3a) A few countries I eventually gave up on and just country blocked outright (ie Poland, Peru); so there may be some inconsistency.
I converted it to CIDR format 2 weeks ago. That took a long time (orig PG ranges were 1-254).
For each spam IP, I carefully examined it's host to determine the appropriate range.
5a) Criteria includes bot spams, dynIP ranges and scummy hosting companies.
5b) For a single IP, it may take 15+ minutes of careful research before I can decide what range to block.
I generally do 2-4 update sessions every month.
Use At Your Own Risk. I'd review it first for possible editing, if I were you.

I've broken the list up into 3 because it became unwieldy.
I've recently broken off corporate spam (ie: Linkedin, Constant Contact, exacttarget) into a fourth list.
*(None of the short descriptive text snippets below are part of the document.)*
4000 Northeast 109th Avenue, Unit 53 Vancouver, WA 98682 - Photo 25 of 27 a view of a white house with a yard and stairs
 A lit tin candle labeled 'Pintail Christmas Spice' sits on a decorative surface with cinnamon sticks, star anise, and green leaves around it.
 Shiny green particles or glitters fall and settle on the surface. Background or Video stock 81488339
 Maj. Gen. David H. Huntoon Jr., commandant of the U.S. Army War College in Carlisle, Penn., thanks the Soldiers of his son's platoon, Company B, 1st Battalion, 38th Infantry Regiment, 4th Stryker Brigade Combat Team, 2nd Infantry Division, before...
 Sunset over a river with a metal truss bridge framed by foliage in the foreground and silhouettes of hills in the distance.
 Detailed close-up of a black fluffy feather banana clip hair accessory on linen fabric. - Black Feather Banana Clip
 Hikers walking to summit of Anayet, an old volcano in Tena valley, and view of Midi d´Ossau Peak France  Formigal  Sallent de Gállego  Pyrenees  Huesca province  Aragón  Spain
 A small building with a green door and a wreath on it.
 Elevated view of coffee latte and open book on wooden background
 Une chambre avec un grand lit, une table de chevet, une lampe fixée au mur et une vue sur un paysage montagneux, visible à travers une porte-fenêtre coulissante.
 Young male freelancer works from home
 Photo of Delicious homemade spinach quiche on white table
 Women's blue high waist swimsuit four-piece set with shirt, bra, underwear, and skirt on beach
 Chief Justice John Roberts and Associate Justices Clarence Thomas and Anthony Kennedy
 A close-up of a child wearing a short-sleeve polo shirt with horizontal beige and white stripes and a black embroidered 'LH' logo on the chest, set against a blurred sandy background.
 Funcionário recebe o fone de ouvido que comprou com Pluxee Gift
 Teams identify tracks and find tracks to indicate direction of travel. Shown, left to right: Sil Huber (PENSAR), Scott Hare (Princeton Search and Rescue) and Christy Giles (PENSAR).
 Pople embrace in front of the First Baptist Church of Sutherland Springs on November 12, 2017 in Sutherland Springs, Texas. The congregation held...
I prob still need to shift some IPs into it.

I thought Pastebin (Private link - 1 Month expiration) would be the most transparent option for publishing this.

SpamIPs_0-69 http://pastebin.com/MTds2fik
SpamIPs_70-179 http://pastebin.com/w0ZDtMym
SpamIPs_180-255 http://pastebin.com/QPi4PtMN
CorporateSpam http://pastebin.com/95xvHnk9

MODS: If this violates forum protocol, please delete the post and forgive me.
If a mod wants the constantly updated live url (.gz format), please PM me.
The update URL is under my personal domain so I can't otherwise distribute it. Sorry.

Thanks.

edit: added screencap - 8 Hours of spam hits - domain w/ ~10 email accounts.

pfCustomSpamList = 3 SpamIP lists above.